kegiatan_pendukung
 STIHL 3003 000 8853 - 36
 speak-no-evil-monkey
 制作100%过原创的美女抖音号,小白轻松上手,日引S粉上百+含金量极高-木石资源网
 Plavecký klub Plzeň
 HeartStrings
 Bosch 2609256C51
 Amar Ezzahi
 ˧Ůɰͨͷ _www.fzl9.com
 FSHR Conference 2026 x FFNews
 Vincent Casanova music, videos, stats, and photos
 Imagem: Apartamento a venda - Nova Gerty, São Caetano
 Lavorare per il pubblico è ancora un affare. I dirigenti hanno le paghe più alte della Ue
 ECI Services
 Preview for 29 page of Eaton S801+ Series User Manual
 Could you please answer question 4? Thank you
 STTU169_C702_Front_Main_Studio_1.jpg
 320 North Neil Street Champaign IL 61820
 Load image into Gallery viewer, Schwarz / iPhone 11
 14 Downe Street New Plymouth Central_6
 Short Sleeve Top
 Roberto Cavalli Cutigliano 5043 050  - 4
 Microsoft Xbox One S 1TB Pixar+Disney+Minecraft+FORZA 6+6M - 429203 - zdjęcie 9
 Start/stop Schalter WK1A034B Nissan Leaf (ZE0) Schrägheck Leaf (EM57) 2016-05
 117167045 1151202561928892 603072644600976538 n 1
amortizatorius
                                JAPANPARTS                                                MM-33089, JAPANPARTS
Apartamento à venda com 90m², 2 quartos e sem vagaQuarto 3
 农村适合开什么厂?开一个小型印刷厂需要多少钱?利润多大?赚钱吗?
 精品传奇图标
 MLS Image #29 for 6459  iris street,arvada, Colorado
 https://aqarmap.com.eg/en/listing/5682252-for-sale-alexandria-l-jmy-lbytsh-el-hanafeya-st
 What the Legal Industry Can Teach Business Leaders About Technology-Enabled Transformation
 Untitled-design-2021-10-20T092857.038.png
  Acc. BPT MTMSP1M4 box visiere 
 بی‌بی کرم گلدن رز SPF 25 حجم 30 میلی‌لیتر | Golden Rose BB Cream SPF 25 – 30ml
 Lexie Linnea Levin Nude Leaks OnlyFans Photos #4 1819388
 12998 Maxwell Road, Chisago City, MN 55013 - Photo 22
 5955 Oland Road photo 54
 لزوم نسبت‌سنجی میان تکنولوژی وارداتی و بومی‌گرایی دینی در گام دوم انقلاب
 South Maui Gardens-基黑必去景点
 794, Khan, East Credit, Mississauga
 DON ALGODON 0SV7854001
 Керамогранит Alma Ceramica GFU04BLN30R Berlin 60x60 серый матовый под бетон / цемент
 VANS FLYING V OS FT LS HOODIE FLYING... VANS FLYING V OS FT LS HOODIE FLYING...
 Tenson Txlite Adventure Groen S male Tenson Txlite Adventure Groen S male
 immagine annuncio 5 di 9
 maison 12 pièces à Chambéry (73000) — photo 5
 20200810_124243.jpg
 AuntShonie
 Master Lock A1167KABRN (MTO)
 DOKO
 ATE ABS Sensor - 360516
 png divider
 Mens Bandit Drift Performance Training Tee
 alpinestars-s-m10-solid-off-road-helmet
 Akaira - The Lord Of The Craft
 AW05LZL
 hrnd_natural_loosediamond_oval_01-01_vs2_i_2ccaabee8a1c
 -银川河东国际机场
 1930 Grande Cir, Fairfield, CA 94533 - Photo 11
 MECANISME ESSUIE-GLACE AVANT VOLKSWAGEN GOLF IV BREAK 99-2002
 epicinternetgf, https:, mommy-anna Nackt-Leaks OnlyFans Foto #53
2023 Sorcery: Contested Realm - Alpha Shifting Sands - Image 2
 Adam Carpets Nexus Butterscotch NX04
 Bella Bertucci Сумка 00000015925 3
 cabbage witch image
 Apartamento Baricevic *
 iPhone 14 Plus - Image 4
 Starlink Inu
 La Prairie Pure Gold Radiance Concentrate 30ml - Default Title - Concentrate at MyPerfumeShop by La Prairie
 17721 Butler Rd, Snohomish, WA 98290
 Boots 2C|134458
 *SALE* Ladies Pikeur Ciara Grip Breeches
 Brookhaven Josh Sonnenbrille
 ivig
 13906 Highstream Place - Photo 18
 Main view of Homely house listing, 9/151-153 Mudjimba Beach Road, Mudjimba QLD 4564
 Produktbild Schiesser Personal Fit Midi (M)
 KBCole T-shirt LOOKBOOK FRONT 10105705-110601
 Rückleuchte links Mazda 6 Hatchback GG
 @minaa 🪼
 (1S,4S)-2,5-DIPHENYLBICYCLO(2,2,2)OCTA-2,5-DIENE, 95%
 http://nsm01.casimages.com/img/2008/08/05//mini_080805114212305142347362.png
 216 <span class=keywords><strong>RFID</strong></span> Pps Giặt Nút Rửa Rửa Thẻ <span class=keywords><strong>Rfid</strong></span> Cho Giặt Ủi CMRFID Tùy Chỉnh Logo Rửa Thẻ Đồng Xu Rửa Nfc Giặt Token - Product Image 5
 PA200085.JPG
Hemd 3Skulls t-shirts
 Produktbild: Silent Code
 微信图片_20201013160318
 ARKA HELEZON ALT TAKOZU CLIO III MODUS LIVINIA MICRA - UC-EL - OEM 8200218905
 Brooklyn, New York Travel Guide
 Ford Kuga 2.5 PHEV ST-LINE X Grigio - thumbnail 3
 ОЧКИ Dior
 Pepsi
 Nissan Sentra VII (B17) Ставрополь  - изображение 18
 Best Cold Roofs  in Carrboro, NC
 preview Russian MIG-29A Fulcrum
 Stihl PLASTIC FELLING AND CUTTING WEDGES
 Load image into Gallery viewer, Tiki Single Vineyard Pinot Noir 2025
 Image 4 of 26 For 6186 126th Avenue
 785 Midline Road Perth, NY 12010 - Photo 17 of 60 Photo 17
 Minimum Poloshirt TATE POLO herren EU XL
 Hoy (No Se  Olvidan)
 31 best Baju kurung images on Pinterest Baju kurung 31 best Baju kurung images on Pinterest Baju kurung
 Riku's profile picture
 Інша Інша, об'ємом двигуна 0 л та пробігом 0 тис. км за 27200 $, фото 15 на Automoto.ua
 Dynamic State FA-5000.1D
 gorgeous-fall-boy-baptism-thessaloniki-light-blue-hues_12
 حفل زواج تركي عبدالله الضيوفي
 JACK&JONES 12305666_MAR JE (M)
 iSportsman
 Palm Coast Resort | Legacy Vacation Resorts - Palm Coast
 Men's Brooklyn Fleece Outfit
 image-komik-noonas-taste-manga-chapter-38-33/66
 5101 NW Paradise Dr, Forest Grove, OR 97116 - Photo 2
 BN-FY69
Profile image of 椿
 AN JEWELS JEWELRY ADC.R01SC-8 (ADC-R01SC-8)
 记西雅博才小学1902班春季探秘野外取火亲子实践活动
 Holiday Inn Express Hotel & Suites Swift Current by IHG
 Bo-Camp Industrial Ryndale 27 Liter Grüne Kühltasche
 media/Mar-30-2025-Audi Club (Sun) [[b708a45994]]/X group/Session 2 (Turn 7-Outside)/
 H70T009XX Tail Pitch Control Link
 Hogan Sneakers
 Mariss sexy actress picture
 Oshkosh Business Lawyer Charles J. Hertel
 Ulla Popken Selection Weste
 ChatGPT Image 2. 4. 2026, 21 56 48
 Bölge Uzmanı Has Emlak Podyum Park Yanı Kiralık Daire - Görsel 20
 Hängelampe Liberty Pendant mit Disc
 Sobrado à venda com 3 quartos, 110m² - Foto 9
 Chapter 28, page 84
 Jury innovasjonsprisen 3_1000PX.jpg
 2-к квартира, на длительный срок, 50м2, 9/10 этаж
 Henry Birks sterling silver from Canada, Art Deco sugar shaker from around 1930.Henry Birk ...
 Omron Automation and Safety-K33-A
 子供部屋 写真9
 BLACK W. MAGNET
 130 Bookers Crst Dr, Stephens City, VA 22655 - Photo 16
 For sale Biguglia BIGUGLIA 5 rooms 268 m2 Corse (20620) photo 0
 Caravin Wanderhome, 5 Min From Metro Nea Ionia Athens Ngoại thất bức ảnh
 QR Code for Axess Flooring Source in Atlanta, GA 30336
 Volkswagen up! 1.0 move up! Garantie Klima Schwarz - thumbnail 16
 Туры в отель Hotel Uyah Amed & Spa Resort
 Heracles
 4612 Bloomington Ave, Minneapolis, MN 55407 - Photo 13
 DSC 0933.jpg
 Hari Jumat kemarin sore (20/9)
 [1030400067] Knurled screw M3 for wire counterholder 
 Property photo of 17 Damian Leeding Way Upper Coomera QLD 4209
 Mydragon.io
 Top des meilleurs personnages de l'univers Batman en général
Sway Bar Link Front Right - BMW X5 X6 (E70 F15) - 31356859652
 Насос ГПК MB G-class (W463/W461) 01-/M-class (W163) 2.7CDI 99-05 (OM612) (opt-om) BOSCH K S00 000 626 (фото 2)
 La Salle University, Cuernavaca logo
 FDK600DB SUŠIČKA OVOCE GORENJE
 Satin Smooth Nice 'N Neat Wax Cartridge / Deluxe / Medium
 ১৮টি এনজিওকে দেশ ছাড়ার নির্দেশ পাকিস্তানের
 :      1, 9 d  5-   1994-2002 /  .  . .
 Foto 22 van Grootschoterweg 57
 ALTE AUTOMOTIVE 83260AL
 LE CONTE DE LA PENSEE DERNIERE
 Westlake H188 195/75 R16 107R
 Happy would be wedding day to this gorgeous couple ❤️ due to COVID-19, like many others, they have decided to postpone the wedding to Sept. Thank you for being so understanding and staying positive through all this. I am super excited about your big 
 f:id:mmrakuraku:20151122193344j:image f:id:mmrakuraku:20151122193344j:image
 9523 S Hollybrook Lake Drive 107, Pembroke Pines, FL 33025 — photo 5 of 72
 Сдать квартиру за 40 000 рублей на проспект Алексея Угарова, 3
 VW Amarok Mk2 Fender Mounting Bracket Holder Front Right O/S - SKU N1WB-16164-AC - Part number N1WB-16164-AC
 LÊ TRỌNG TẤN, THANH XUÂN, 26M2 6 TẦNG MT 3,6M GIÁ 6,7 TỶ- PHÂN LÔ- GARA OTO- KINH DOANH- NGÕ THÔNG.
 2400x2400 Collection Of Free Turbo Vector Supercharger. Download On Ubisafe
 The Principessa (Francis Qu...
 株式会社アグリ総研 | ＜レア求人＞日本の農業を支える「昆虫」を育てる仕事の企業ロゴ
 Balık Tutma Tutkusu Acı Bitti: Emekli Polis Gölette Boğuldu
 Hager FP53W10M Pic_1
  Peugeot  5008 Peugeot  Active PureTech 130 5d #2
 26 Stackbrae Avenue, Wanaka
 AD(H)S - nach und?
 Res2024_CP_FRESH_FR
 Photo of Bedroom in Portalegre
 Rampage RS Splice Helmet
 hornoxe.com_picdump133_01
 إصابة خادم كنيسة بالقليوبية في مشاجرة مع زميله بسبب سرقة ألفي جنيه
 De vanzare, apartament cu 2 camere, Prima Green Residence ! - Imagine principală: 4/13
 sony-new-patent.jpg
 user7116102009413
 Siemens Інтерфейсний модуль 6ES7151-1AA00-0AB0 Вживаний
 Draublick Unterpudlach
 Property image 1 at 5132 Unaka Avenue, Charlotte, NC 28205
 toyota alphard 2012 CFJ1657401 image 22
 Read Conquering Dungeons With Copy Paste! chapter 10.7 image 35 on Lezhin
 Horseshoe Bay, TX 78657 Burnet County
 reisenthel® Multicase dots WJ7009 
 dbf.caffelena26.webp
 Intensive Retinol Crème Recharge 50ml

====================

_What the task requires_. The lines to retype run from the start of the entries through the line containing "FSHR Conference 2026 x FFNews"; reproduce them exactly and add nothing.

_Exercise solution_.
kegiatan_pendukung
 STIHL 3003 000 8853 - 36
 speak-no-evil-monkey
 制作100%过原创的美女抖音号,小白轻松上手,日引S粉上百+含金量极高-木石资源网
 Plavecký klub Plzeň
 HeartStrings
 Bosch 2609256C51
 Amar Ezzahi
 ˧Ůɰͨͷ _www.fzl9.com
 FSHR Conference 2026 x FFNews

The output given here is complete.